Assignment: Reproduce the listing below word for word and exclude any picture.

Dataset content:
┄┄┄┄┄┄┄┄┄┄┄┄┄┄┄┄┄┄┄┄

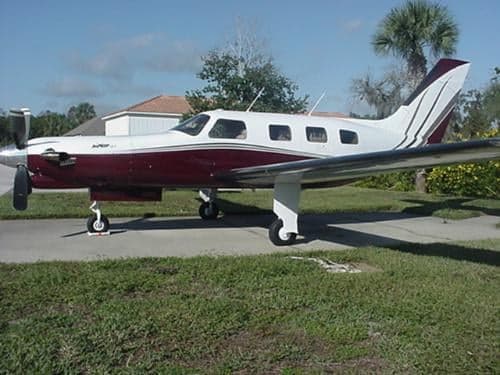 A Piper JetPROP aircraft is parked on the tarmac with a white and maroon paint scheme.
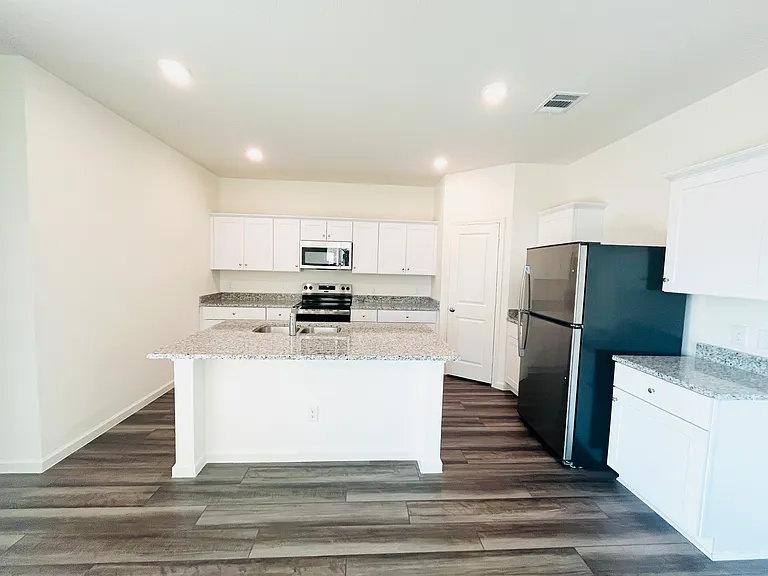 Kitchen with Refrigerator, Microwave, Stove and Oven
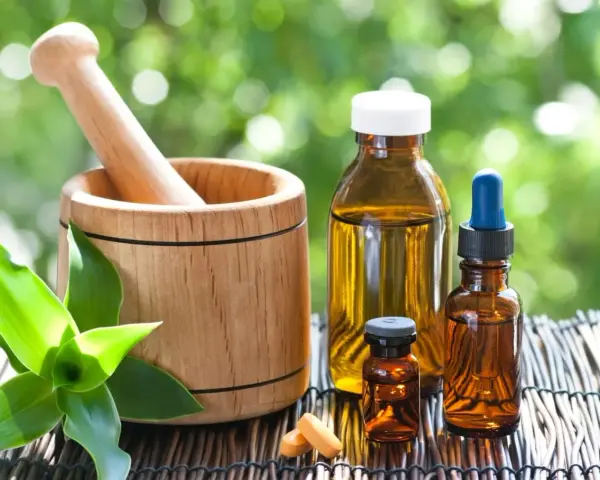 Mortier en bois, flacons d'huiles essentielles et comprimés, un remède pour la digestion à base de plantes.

┄┄┄┄┄┄┄┄┄┄┄┄┄┄┄┄┄┄┄┄

Answer to this problem:
 A Piper JetPROP aircraft is parked on the tarmac with a white and maroon paint scheme.
 Kitchen with Refrigerator, Microwave, Stove and Oven
 Mortier en bois, flacons d'huiles essentielles et comprimés, un remède pour la digestion à base de plantes.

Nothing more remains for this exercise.